**Assigned task**
Reprint every line of the data, keeping each character intact.

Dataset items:
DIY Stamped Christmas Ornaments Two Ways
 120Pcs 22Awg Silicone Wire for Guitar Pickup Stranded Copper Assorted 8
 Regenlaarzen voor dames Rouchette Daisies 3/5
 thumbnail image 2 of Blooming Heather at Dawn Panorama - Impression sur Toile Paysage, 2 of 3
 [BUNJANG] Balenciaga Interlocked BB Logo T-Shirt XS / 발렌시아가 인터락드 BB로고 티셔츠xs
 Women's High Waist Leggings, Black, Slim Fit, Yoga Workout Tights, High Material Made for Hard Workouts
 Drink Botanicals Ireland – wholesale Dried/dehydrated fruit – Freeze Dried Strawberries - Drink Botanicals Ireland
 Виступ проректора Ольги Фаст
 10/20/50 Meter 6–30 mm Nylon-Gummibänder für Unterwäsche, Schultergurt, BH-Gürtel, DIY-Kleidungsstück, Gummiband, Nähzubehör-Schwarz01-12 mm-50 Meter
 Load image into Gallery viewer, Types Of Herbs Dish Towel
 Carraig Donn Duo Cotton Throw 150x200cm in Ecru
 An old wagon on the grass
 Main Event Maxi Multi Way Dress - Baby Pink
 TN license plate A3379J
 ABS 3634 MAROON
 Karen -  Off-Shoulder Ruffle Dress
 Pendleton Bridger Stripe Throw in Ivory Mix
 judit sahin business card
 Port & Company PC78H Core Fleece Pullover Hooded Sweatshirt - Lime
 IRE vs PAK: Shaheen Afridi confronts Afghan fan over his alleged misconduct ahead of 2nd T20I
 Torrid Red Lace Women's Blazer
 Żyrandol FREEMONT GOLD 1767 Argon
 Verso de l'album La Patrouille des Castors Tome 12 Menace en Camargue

**Exercise solution**
DIY Stamped Christmas Ornaments Two Ways
 120Pcs 22Awg Silicone Wire for Guitar Pickup Stranded Copper Assorted 8
 Regenlaarzen voor dames Rouchette Daisies 3/5
 thumbnail image 2 of Blooming Heather at Dawn Panorama - Impression sur Toile Paysage, 2 of 3
 [BUNJANG] Balenciaga Interlocked BB Logo T-Shirt XS / 발렌시아가 인터락드 BB로고 티셔츠xs
 Women's High Waist Leggings, Black, Slim Fit, Yoga Workout Tights, High Material Made for Hard Workouts
 Drink Botanicals Ireland – wholesale Dried/dehydrated fruit – Freeze Dried Strawberries - Drink Botanicals Ireland
 Виступ проректора Ольги Фаст
 10/20/50 Meter 6–30 mm Nylon-Gummibänder für Unterwäsche, Schultergurt, BH-Gürtel, DIY-Kleidungsstück, Gummiband, Nähzubehör-Schwarz01-12 mm-50 Meter
 Load image into Gallery viewer, Types Of Herbs Dish Towel
 Carraig Donn Duo Cotton Throw 150x200cm in Ecru
 An old wagon on the grass
 Main Event Maxi Multi Way Dress - Baby Pink
 TN license plate A3379J
 ABS 3634 MAROON
 Karen -  Off-Shoulder Ruffle Dress
 Pendleton Bridger Stripe Throw in Ivory Mix
 judit sahin business card
 Port & Company PC78H Core Fleece Pullover Hooded Sweatshirt - Lime
 IRE vs PAK: Shaheen Afridi confronts Afghan fan over his alleged misconduct ahead of 2nd T20I
 Torrid Red Lace Women's Blazer
 Żyrandol FREEMONT GOLD 1767 Argon
 Verso de l'album La Patrouille des Castors Tome 12 Menace en Camargue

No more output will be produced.